Vaccarezza ha 27 anni di esperienza nel sistema giudiziario e 15 anni dedicati alle indagini sui crimini commessi da adulti contro l'integrità sessuale di ragazze, ragazzi e adolescenti . L'intervista è appena iniziata quando riceve una chiamata che lo informa di un raid e dell'arresto di un possibile predatore sessuale di minori online, o "groomer". In mezzo a questa confusione, spiega come operano questi criminali e offre alcune notizie incoraggianti: sebbene i casi di molestie sui minori siano in aumento, prevede che si stabilizzeranno gradualmente "grazie all'istruzione digitale nelle scuole e all'informazione sui media".
Ma avverte subito: i rischi a cui sono esposti i bambini sono principalmente il cyberbullismo o adescamento, che nel CABA sono aumentati di quasi il 21% tra il 2022 e il 2024, e i reati di distribuzione, diffusione e produzione di immagini di sfruttamento sessuale dei minori, che sono in netto aumento, non solo nel CABA ma in tutto il Paese: "L'Argentina è un grande consumatore di questo materiale rispetto ad altri Paesi, il che è preoccupante perché è indicativo dell'elevato numero di pedofili nel Paese".
−In un'epoca in cui i bambini hanno accesso a un telefono cellulare in media dall'età di 9 anni , qual è il modo principale in cui i pedofili o gli adescatori contattano i bambini?

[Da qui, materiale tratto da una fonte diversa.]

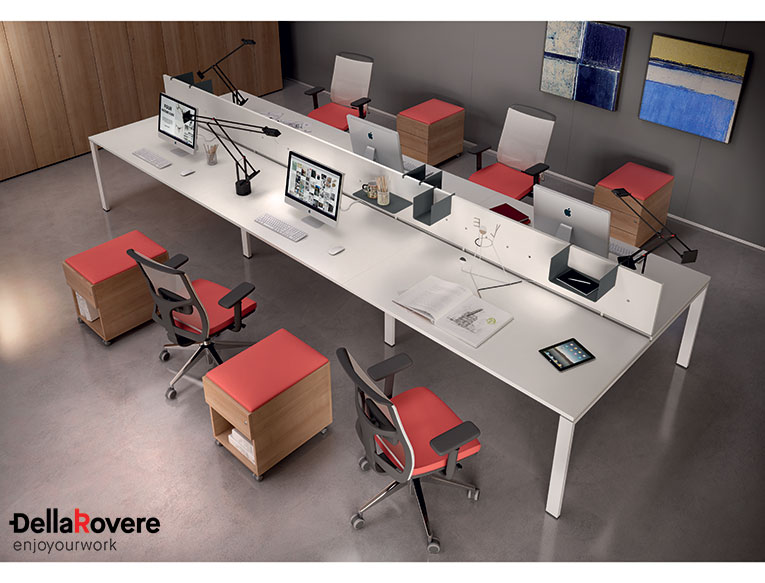 Office workstation desk - LEGODESK - Della Rovere_11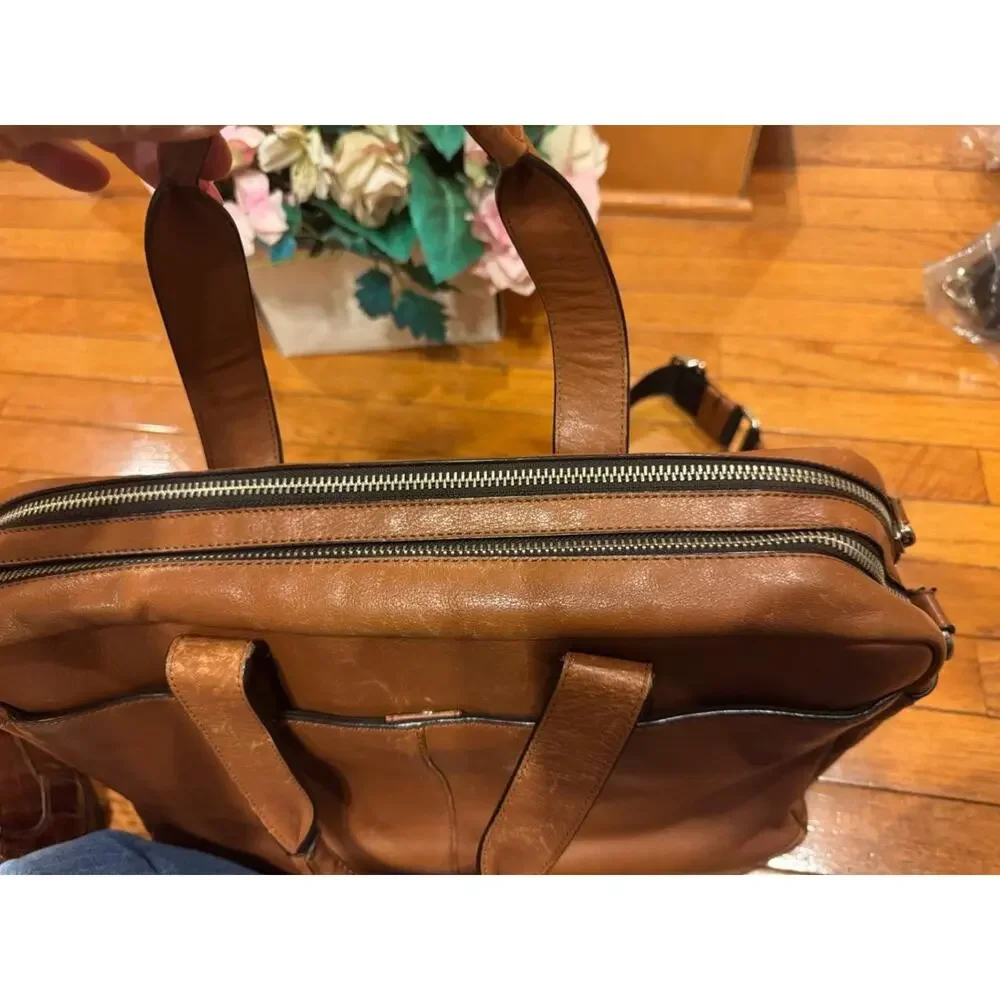 COACH Hudson Commuter Leather briefcase laptop Bag F71701 (PU110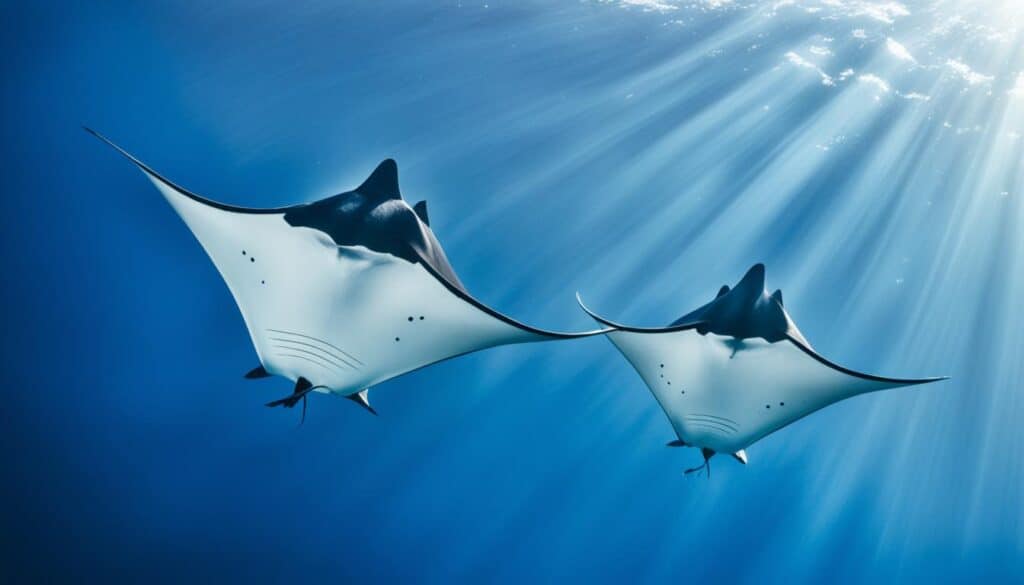 manta ray mating rituals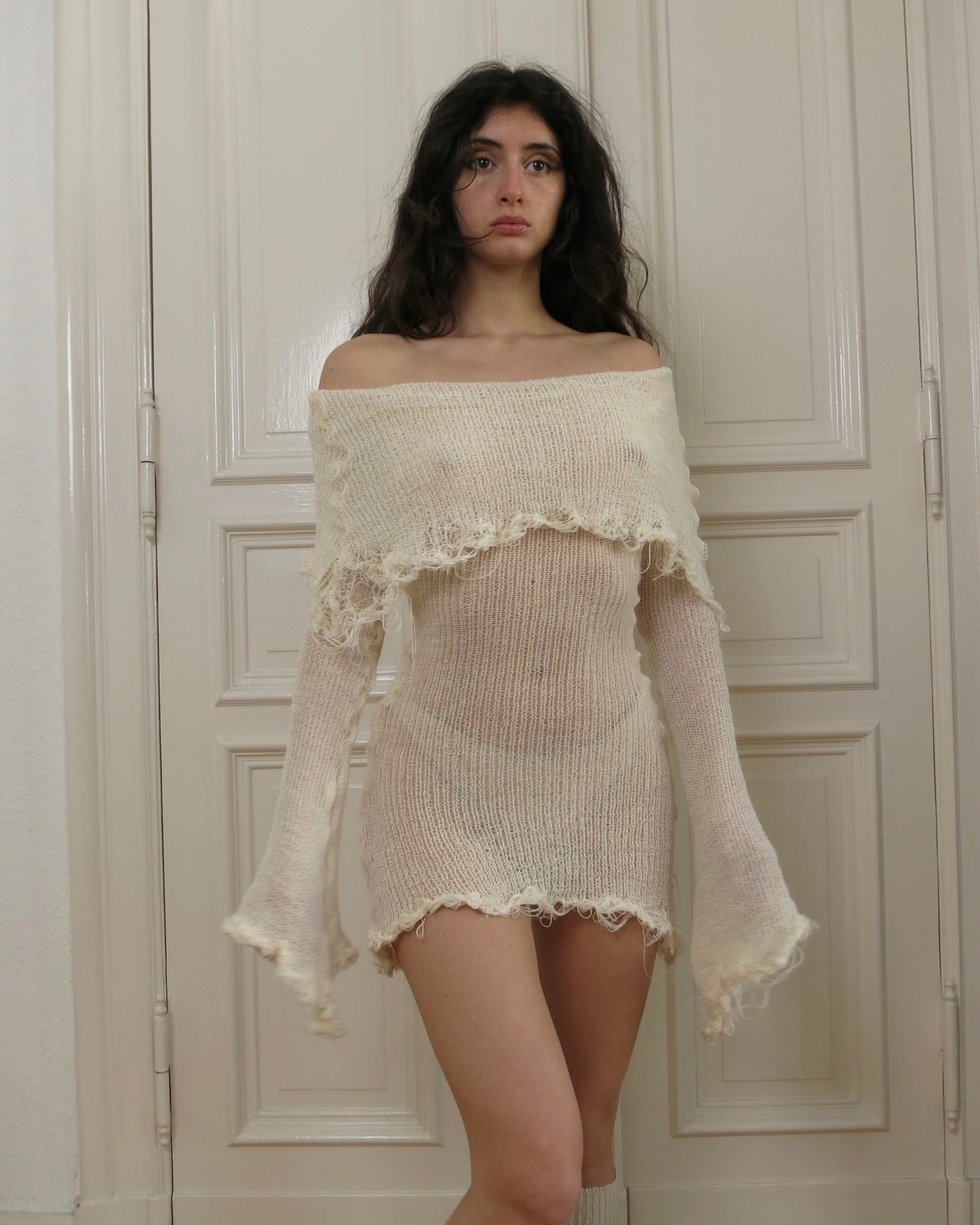 gargarox ~ Monkcore linen minidress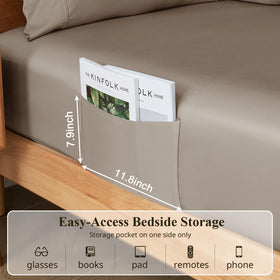 KRIMANO deep-pocket 17-inch fit demonstrating secure fit on mattress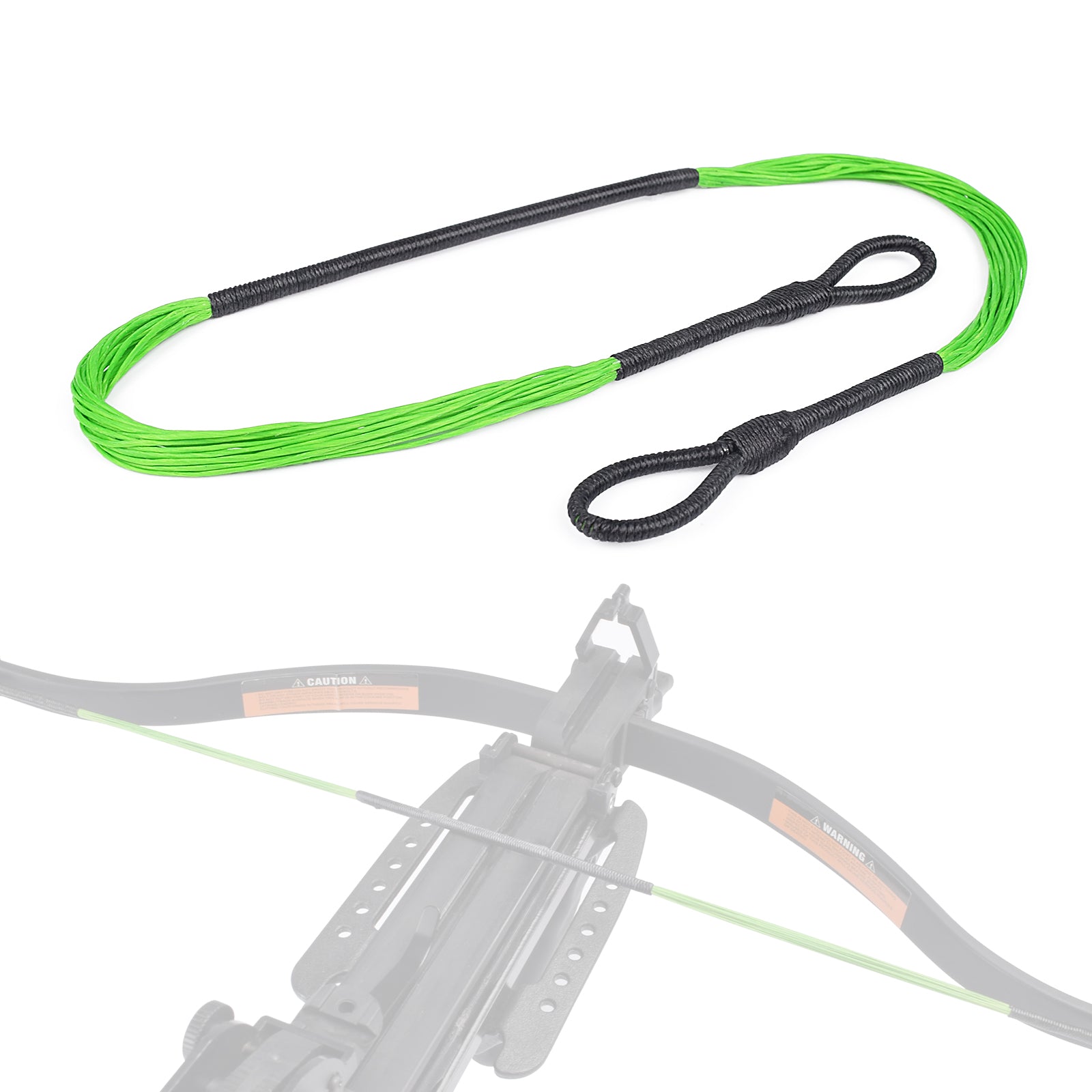 17.5'' Crossbow Pistol String Replacement for 50 lbs/80lbs Pistol Crossbows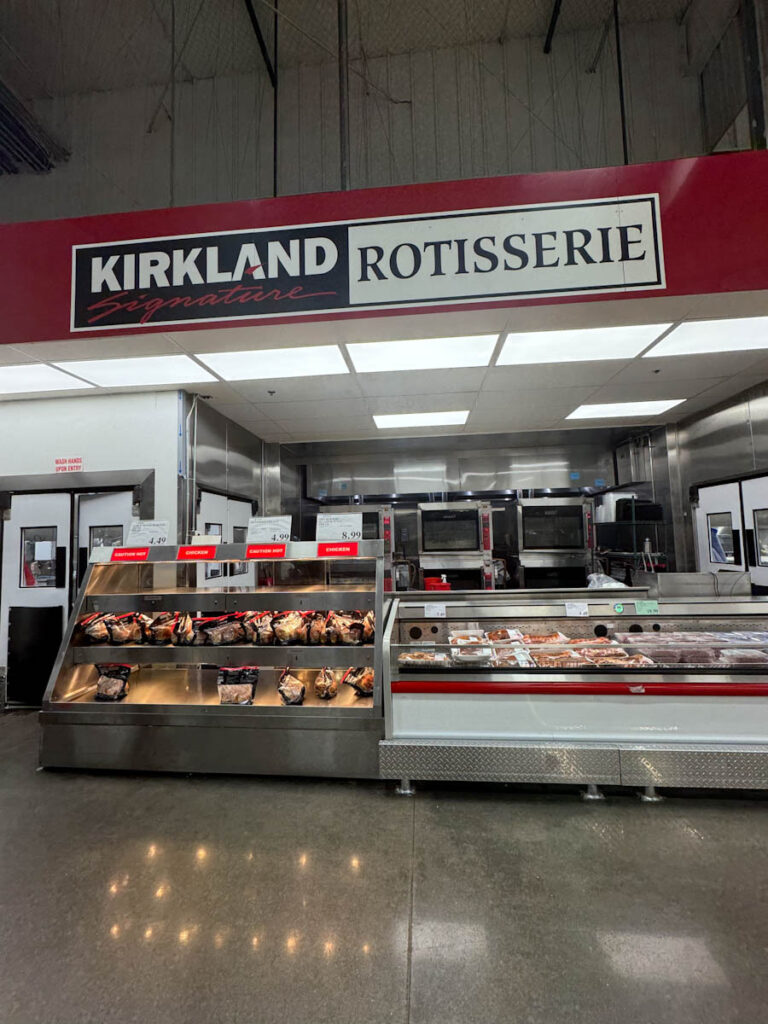 costco kirkland rotisserie chicken stand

−Il rischio è multidirezionale. Iniziano a giocare a giochi come Roblox, su Play; sui social network, come Instagram o TikTok; o su qualsiasi tipo di piattaforma in cui sia possibile accedere a una chat. Il pedofilo del web non pesca con le mosche, pesca con la dinamite. Oggi sono presenti su qualsiasi tipo di app e possono molestare decine di persone contemporaneamente.
−Di solito operi seguendo uno schema specifico?
−Si finge un ragazzo e gradualmente fa amicizia con lui, con l'intenzione di chiedergli in seguito immagini intime o sessuali. Può portare a un incontro e ad abusi. Capita anche che molte volte a fare parte dell'universo infantile sia un insegnante, uno psicologo o un allenatore che inizia a prendere contatto con il mondo virtuale con la scusa, ad esempio, di formare un gruppo di gioco online.
-Qual è il modo in cui riescono a convincere il ragazzo a fare ciò che gli chiedono?
−La cosa più comune è dirgli che se non continuerà a inviare immagini intime, lo dirà ai suoi genitori o le condividerà con il suo gruppo di amici. Perché la cosa più probabile è che un amico del ragazzo abbia ricevuto un invito da quella persona. E quell'amico, vedendo che quella persona è amica del suo amico, lo accetta. In ogni caso, bisogna sapere che la vittima è sempre il ragazzo.
−Cosa dire delle nuove piattaforme che stanno emergendo? Di recente si è parlato di OmeTV , una piattaforma dove i bambini possono effettuare videochiamate casuali con utenti da tutto il mondo. Le aziende possono essere obbligate ad applicare filtri più severi per impedire ai bambini o agli adolescenti di accedere a queste piattaforme o di controllarne l'utilizzo?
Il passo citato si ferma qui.